Posted by: admin November 30, 2017 Leave a comment

Questions:

I’ve gotten a start with how Laravel works from its docs as well as from tutorials and SO. But I keep running into the same problem when I try to use their API/class reference.

For example, I’ve been able to use the URL class like this:

URL::to('string')

Which I learnt about from a tutorial. But if I look at the documentation for Illuminate\Support\Facades\URL it doesn’t list a to() method.

Conversely, if I look at the documentation for Illuminate\Filesystem\Filesystem and I try to call the get() method like this:

$file = new Filesystem;
$file->get('lorem.txt'); 

I get the following error

Class 'Filesystem' not found

My questions:

  • How do I know which Classes I can use and which Methods I can call?
  • Where do I find this information?
  • Or am I just missing something about how Laravel works?
Answers:

Laravel uses a Design Pattern called Facade, it is basically an alias for the instantiated object so you can use it this way:

URL::to('string');

Instead of

$url = new URL;
$url->to('string');

Take a look at your app/config/app.php and you’ll see the URL alias pointing to the Facade:

'URL' => 'Illuminate\Support\Facades\URL',

If you look at the Facade you’ll see the real “internal” name of it (‘url’), in the IoC container:

protected static function getFacadeAccessor() { return 'url'; }

This ‘url’ object is instantiated by a Service Provider somewhere, this one is binded to the IoC container in the Illuminate\Routing\RoutingServiceProvider:

/**
 * Register the URL generator service.
 *
 * @return void
 */
protected function registerUrlGenerator()
{
    $this->app['url'] = $this->app->share(function($app)
    {
        // The URL generator needs the route collection that exists on the router.
        // Keep in mind this is an object, so we're passing by references here
        // and all the registered routes will be available to the generator.
        $routes = $app['router']->getRoutes();

        return new UrlGenerator($routes, $app->rebinding('request', function($app, $request)
        {
            $app['url']->setRequest($request);
        }));
    });
}

And there you can see that ‘url’ is, in fact, UrlGenerator ->(http://laravel.com/api/4.1/Illuminate/Routing/UrlGenerator.html).

Here’s the to() method:

/**
 * Generate a absolute URL to the given path.
 *
 * @param  string  $path
 * @param  mixed  $extra
 * @param  bool  $secure
 * @return string
 */
public function to($path, $extra = array(), $secure = null)
{
    // First we will check if the URL is already a valid URL. If it is we will not
    // try to generate a new one but will simply return the URL as is, which is
    // convenient since developers do not always have to check if it's valid.
    if ($this->isValidUrl($path)) return $path;

    $scheme = $this->getScheme($secure);

    $tail = implode('/', (array) $extra);

    // Once we have the scheme we will compile the "tail" by collapsing the values
    // into a single string delimited by slashes. This just makes it convenient
    // for passing the array of parameters to this URL as a list of segments.
    $root = $this->getRootUrl($scheme);

    return $this->trimUrl($root, $path, $tail);
}

It’s a little confusing at start, but you just have to remember:

1) Find the Alias.

2) Find the Facade and get the real internal name.

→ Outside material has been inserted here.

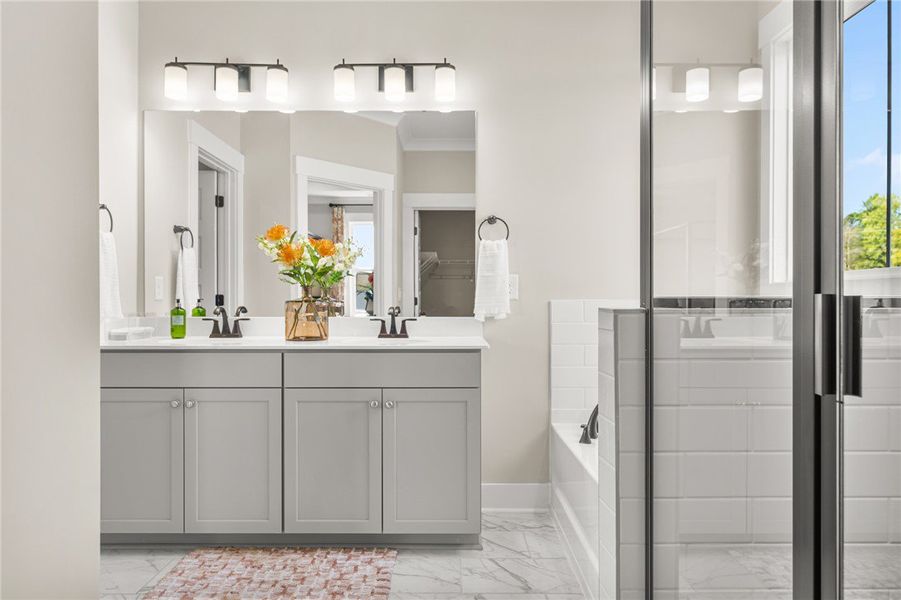 This primary bathroom features a dual vanity, slee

3) Find the ServiceProvider to find the real class.

Questions:
Answers:

When you call something like URL::to('string') you are using the Facade as you found out by inspecting the facade namespace. The facade class itself just points the request to the class it should use, in this case url, this class is bound to the Laravel IoC container in Illuminate\Routing\RoutingServiceProvider in the method registerUrlGenerator().

By studying the binding you can see that when you use the URL facade you are actually using the class Illuminate\Routing\UrlGenerator.

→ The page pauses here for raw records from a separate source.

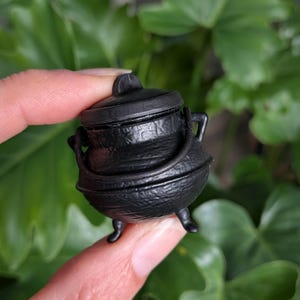 May include: A small, black, round cauldron with a textured surface, three short legs, a matching lid with a central handle, and a curved handle attached to the sides. The exterior features embossed markings around the upper rim area.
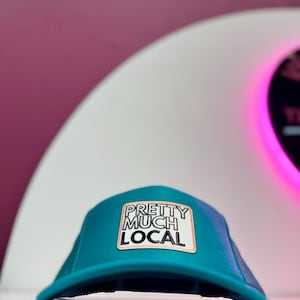 May include: A teal trucker hat with a mesh back and a curved brim. The hat features a rectangular patch with the text "PRETTY MUCH LOCAL" in a bold, sans-serif font. The patch has a white background with a peach-colored border.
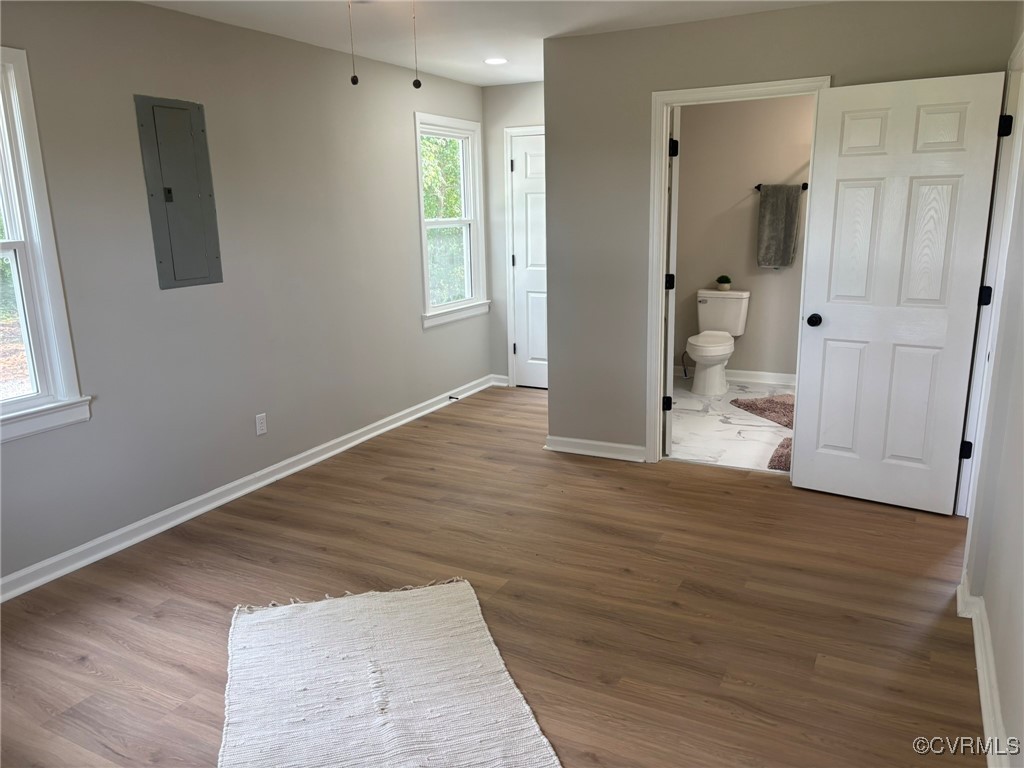 13009 Verdon Road Doswell, VA 23047 - Photo 9 of 17 Unfurnished bedroom featuring electric panel, wood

The API documentation isn’t actually as useful in a framework like Laravel where facades provide access to classes via an IoC container and thus abstracting the implementation from the calling code. This makes it very hard to actually find where the class you are actually using is. I resort to running searches on the vendor directory. If the facade returns url. I search for $this->app['url'] that will find the binding, I can then follow the trail to the classes that are actually used. Failing this search, I would resort to searching simply for ('url within the vendor directory.

As to your second question, if you want to instantiate a class that is namespaced you must use the namespace.

$filesystem = new Illuminate\Filesystem\Filesystem();

You wouldn’t actually need to do this as this class is bound to the IoC container using the alias files that via the facade File gives you full access the class via static calls.

Alternatively if you want your own copy of the Filesystem class, it would be better to use the IoC container to get it.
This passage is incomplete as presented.